I've cranked out 6 different business cards, and I keep at least 4 versions onhand at all times. The first is the Daddy Card. When I'm at a school function, or out with the kids on a day trip, I leave the business mind far behind. It's lavender with a Matisse kind of graphical sun in purple. It has my home address and phone number. I give this out to potential refrigerator pals - people I wouldn't mind dropping by to grab a snack out of the fridge.
I also have a blog card, the title of which has me listed as a 'Large Mammal'. It also has the Cobb icon on it. My generic business card is for employees of companies where I work strictly pointing them to my website. And the detailed business card is the one shown here, that I give to people I believe may actually give me some business. There are a few others that I rarely use, one with me as publisher of Vision Circle and an older version of the blog card. There's also one that has me listed as a technical specialist in my partner's business. There are two other jobs I do for which I have no cards, but that doesn't concern me much.

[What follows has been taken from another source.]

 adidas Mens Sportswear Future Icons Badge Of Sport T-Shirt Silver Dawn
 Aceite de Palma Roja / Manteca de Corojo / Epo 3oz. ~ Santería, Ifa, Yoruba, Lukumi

I have been multiple people online, and still have mail from at least 6 domains coming to me at gmail and on Outlook (I'm leaving Eudora and GMail for Outlook (and Lookout & Google Desktop Search) and GMail). So I am accustomed to juggling multiple identities. I'm also an online gamer and none of those people fraternize with any of the other people. I need to be different things at different times, and I need different ways of presenting myself on different occasions.
This basic concept, a kind of extended code-switching, is something I think lots of people do. So our identities online need that multiplicity. Speaking of which, I have registered at Multiply (and Friendster, and Linked-In, and Orkut) and none of them really works for me. The best thing that works for me is my blog within my large, constantly evolving website. This is key to the concepts that interest me vis a vis virtual and extended self-representation.
In some ways, I am concerned that the online gamers I play with don't discover that I'm over 40. In other ways I am concerned that potential employers don't discover that I'm a political cartoonist. Most of the time I'm concerned that my blog readers don't discover the names of my kids, but in all those ways I know I'm not truly secure. Still, the illusion that I can hide parts of my life is satisfying. So with that in mind I wonder if we don't work a bit too hard in ensuring a kind of privacy that, with certain selected people, we actually want breached.
It makes me think about reality television. We have, in many ways, become the defensive, cocooned, SUV driving, stay at home people we forswore two decades ago. To that extent reality TV is a way for us to see that other people are as weird as we are - to confirm that our foibles are common ones, given that we cannot communicate them publicly. We want to be accepted for who we are, warts and all, but only to a select few.
As Shrek said, we're like onions. Wouldn't it be nice if I could decide how many layes to peel, on demand, without making anyone cry?